Defective function of α-ketoglutarate dehydrogenase exacerbates mitochondrial ATP deficits during complex I deficiency
Gerardo G. Piroli,
Allison M. Manuel,
Richard S. McCain,
Holland H. Smith,
Oliver Ozohanics,
Sara Mellid,
J. Hunter Cox,
William E. Cotham,
Michael D. Walla,
Alberto Cascón,
Attila Ambrus,
Norma Frizzell
Affiliations
Gerardo G. Piroli
Department of Pharmacology, Physiology & Neuroscience, School of Medicine, University of South Carolina, Columbia, SC, 29209, USA
Allison M. Manuel
Department of Pharmacology, Physiology & Neuroscience, School of Medicine, University of South Carolina, Columbia, SC, 29209, USA
Richard S. McCain
Department of Pharmacology, Physiology & Neuroscience, School of Medicine, University of South Carolina, Columbia, SC, 29209, USA
Holland H. Smith
Department of Pharmacology, Physiology & Neuroscience, School of Medicine, University of South Carolina, Columbia, SC, 29209, USA
Oliver Ozohanics
Department of Biochemistry, Institute of Biochemistry and Molecular Biology, Semmelweis University, Budapest, Hungary
Sara Mellid
Hereditary Endocrine Cancer Group, Spanish National Cancer Research Centre (CNIO), 28029, Madrid, Spain
J. Hunter Cox
Department of Pharmacology, Physiology & Neuroscience, School of Medicine, University of South Carolina, Columbia, SC, 29209, USA
William E. Cotham
Mass Spectrometry Center, Department of Chemistry & Biochemistry, University of South Carolina, Columbia, SC, 29205, USA
Michael D. Walla
Mass Spectrometry Center, Department of Chemistry & Biochemistry, University of South Carolina, Columbia, SC, 29205, USA
Alberto Cascón
Hereditary Endocrine Cancer Group, Spanish National Cancer Research Centre (CNIO), 28029, Madrid, Spain; Centro de Investigación Biomédica en Red de Enfermedades Raras (CIBERER), 28029, Madrid, Spain
Attila Ambrus
Department of Biochemistry, Institute of Biochemistry and Molecular Biology, Semmelweis University, Budapest, Hungary
Norma Frizzell
Department of Pharmacology, Physiology & Neuroscience, School of Medicine, University of South Carolina, Columbia, SC, 29209, USA; Corresponding author. Department of Pharmacology, Physiology & Neuroscience, School of Medicine, University of South Carolina, 6439 Garners Ferry Road, Columbia, SC, 29209, USA.
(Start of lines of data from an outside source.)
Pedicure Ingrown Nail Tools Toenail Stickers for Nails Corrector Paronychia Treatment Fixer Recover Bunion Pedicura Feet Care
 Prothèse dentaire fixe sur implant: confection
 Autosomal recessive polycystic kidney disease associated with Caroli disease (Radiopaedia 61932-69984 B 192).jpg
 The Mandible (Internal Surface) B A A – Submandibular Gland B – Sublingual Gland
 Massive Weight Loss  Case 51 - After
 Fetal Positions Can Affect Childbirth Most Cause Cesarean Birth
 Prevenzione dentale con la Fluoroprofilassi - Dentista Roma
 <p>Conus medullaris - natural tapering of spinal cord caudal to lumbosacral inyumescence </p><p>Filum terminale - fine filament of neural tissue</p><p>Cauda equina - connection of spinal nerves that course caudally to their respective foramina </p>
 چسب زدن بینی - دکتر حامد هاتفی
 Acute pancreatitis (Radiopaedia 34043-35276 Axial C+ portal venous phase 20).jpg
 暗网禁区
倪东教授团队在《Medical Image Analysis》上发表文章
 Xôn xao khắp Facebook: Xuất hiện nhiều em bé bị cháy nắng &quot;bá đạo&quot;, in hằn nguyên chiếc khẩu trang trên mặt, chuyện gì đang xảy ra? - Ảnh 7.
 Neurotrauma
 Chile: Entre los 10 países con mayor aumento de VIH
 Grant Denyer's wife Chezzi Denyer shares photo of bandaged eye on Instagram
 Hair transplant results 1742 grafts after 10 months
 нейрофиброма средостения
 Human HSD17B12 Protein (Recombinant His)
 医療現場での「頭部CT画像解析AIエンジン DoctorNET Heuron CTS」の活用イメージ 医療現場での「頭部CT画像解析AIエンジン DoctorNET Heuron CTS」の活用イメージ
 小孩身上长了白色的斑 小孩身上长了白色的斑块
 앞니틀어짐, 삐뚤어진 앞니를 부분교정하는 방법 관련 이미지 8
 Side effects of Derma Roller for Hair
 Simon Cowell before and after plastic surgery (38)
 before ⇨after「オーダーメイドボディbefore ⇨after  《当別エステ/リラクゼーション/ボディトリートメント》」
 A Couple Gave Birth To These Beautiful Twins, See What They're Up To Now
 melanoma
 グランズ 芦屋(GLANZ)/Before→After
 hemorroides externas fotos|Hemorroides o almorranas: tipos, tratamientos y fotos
The NDUFS4 knockout (KO) mouse phenotype resembles the human Complex I deficiency Leigh Syndrome. The irreversible succination of protein thiols by fumarate is increased in select regions of the NDUFS4 KO brain affected by neurodegeneration. We report that dihydrolipoyllysine-residue succinyltransferase (DLST), a component of the α-ketoglutarate dehydrogenase complex (KGDHC) of the tricarboxylic acid (TCA) cycle, is succinated in the affected regions of the NDUFS4 KO brain. Succination of DLST reduced KGDHC activity in the brainstem (BS) and olfactory bulb (OB) of KO mice. The defective production of KGDHC derived succinyl-CoA resulted in decreased mitochondrial substrate level phosphorylation (SLP), further aggravating the existing oxidative phosphorylation (OXPHOS) ATP deficit. Protein succinylation, an acylation modification that requires succinyl-CoA, was reduced in the KO mice. Modeling succination of a cysteine in the spatial vicinity of the DLST active site or introduction of succinomimetic mutations recapitulates these metabolic deficits. Our data demonstrate that the biochemical deficit extends beyond impaired Complex I assembly and OXPHOS deficiency, functionally impairing select components of the TCA cycle to drive metabolic perturbations in affected neurons.